A REVIEW into the Grenfell Tower inferno has stopped short of recommending a ban on flammable cladding because it will "not address the root causes" of the problems in building regulations.

Dame Judith Hackitt found that indifference and ignorance had led a "race to the bottom" in building safety practices with cost prioritised over safety.

Setting out a series of proposals to make high-rise flats safer to live in in the wake of the disaster on June 14 last year, she said there was a "systemic problem" and recommended the creation of a new regulator.

Some building firms use the ambiguity around the rules to "game the system", with the primary motivation to "do things as quickly and cheaply as possible" rather than focusing on quality, Dame Judith said.

She also found ignorance about the rules, a lack of clarity about who takes responsibility and inadequate oversight.

"The above issues have helped to create a cultural issue across the sector, which can be described as a 'race to the bottom' caused either through indifference, or because the system does not facilitate good practice," she said.

Cladding fuelled the spread of the fire that killed 71 people in the west London block and a subsequent safety operation identified hundreds more buildings with similar set ups.

The Royal Institute of British Architects (Riba) called for a ban on flammable cladding, a requirement for sprinklers to be fitted and a second means of escape for high-rise residential buildings.

But Dame Judith said prohibited certain practices would "not address the root causes" of the problems.

She added: "The debate continues to run about whether or not aluminium cladding is used for thermal insulation, weather-proofing or an an internal part of the fabric, fire safety and integrity of the building.

"This illustrates the siloed thinking that is part of the problem we must address."

The review recommended:

  • An "outcomes-based approach" to the regulatory approach to be overseen by a new regulator.
  • Clearer roles and responsibilities throughout the design and construction process, as well as during a building's occupation.
  • Residents to be consulted over decisions affecting the safety of their home.
  • A more rigorous and transparent product testing regime.
  • Industry to lead strengthening competence of those involved in building work and to establish an oversight body.

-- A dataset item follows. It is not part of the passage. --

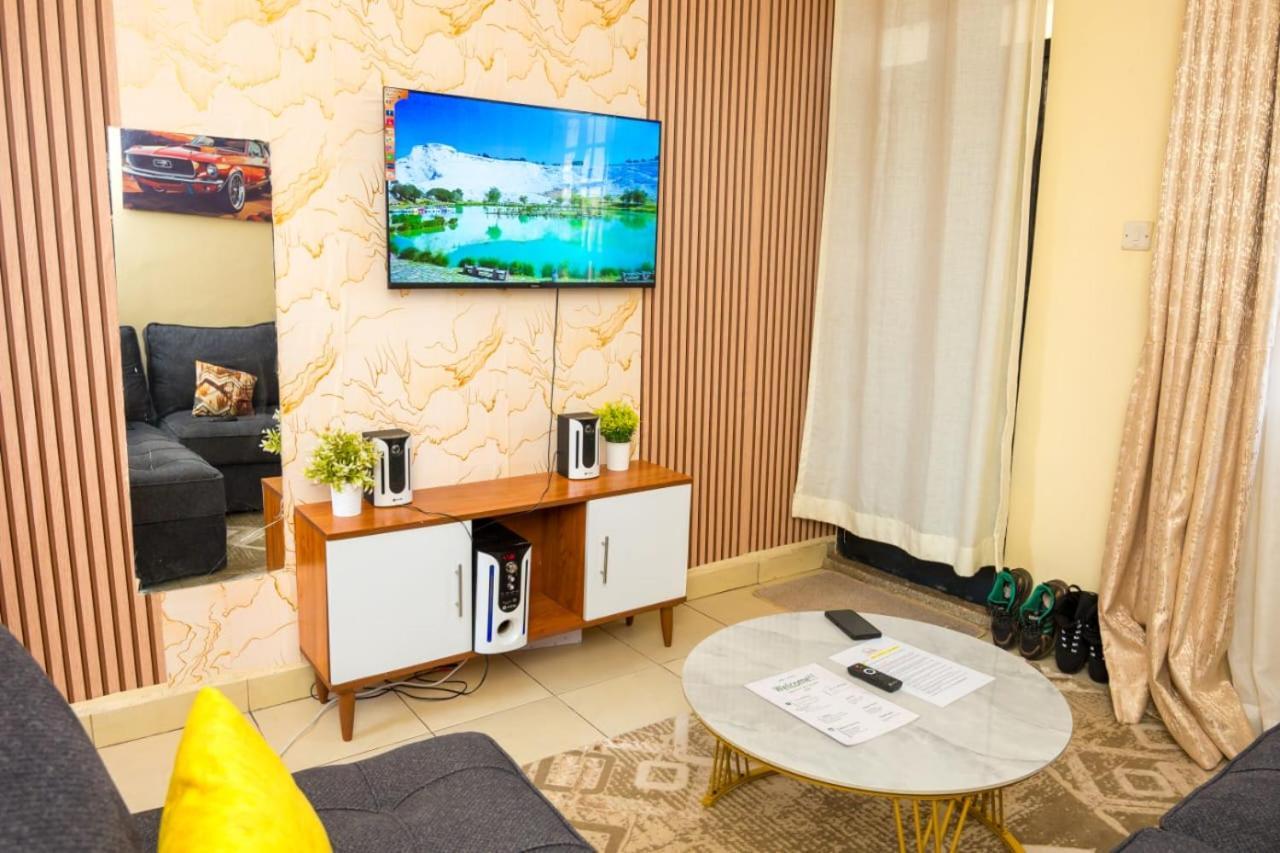 At Roybahn Heights Trm Gate H Apartamento *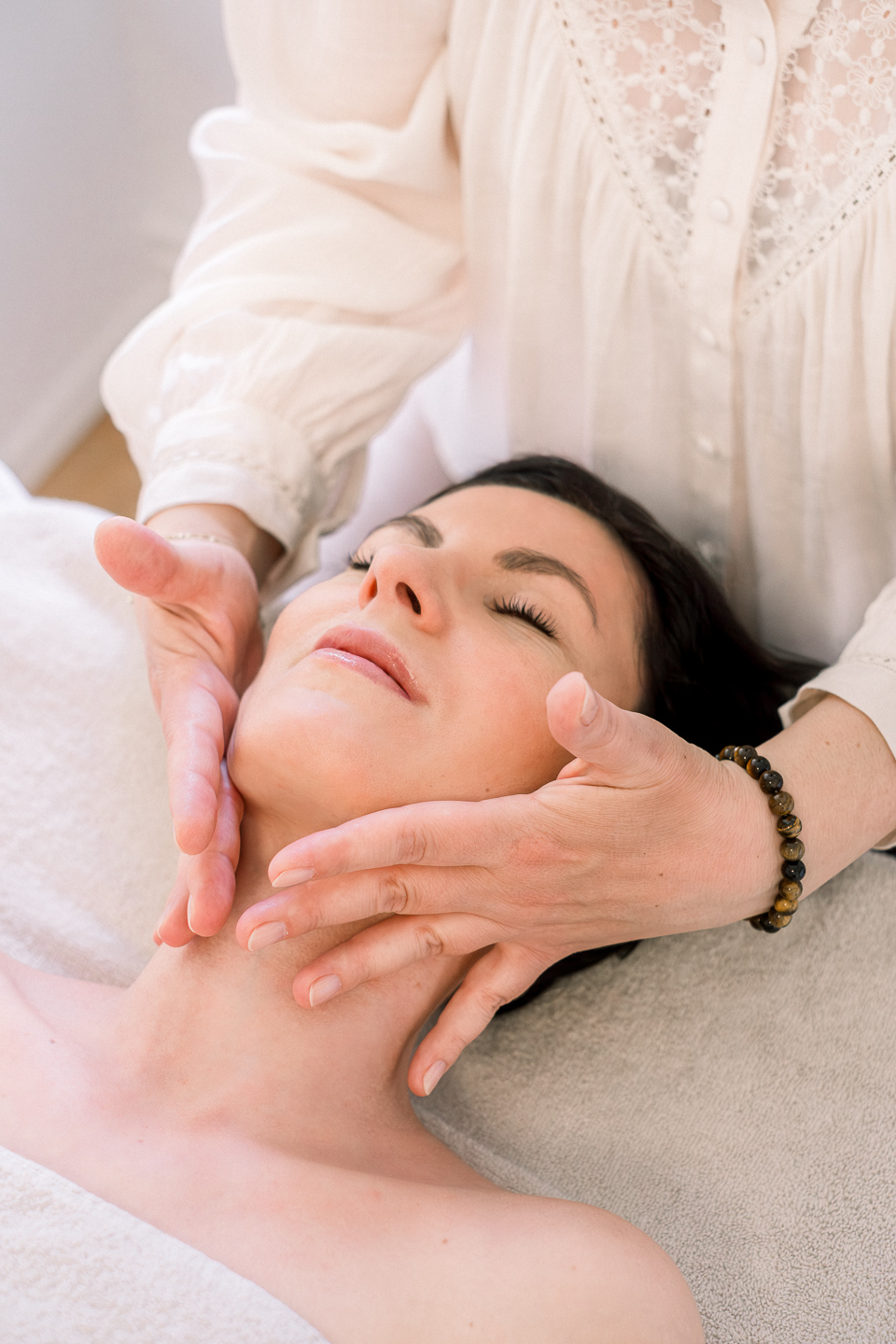 Lissage du cou - Massage du visage Kobido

Dame Judith also stopped short of banning so-called "desktop studies" - assessments that can be used to approve cladding without carrying out physical fire safety tests.

Her report said: "The proposed change does not ban assessments in lieu of tests, as there are some products and systems for which a full-scale physical test is not possible, but it will significantly reduce their use and ensure that those which are carried out are conducted rigorously and properly recorded for further scrutiny."

Labour MP and Grenfell campaigner David Lammy branded the review "a betrayal and a whitewash".

Mr Lammy said: "It is unthinkable and unacceptable that so many people can die in a disaster like Grenfell and one year on flammable cladding has not been banned.

"I will continue to stand with the Grenfell families and will continue to call for an outright ban on any combustible materials.

"The Grenfell families and the public needed a review that was fearless in standing up to the industry on behalf of all those who lost their lives in Grenfell with recommendations that ensure that an atrocity like Grenfell can never happen again.

"I simply fail to see how it is deemed appropriate for any combustible material to be used on any tower block in this country and I find it unfathomable that this review has not recommended an outright ban on the use of combustible material."

Shahin Sadafi, chairman of Grenfell United, said: "Worrying that a fire like Grenfell could happen again is something that keeps many of us awake at night.

"When we met Dame Judith Hackitt we asked her for an outright ban on combustible cladding. We are disappointed and saddened that she didn't listen to us and she didn't listen to other experts. The cladding on the Grenfell Tower was deemed to be limited combustibility, but it cost 72 lives. It must be banned.

"We need to hear from government a clear promise that these dangerous materials will never be used on homes again.

"This isn't just about cladding - the whole system of building regulation is broken. The industry has too much influence over regulation and testing, desk-top studies are totally flawed, profit is valued more than people's safety, and residents are left powerless. All of this must change.

"This report is a start but we've had recommendations before, after the Lakanal House fire and they were ignored - so we're asking Dame Judith Hackitt to finish the job she has started and make sure this report leads to a serious culture change across the industry.

"Grenfell United will keep fighting until everyone is safe in their homes."

The chairman of the Local Government Association, Lord Porter, said: "It is good that Dame Judith's report agrees that the current system is not fit for purpose and has set out a range of recommendations for its long-term reform.

"However, our immediate priority is to ensure that a fire like that at Grenfell never happens again, and to make certain the buildings which people live, visit and work in are safe today.

"It is therefore disappointing that Dame Judith has stopped short of recommending a ban on combustible materials and the use of desktop studies, both essential measures to improve safety.

"The Government should nevertheless act without delay to introduce a temporary ban on the use of combustible materials on complex and high-rise buildings until we have a regulatory and testing system which is fit for the 21st century."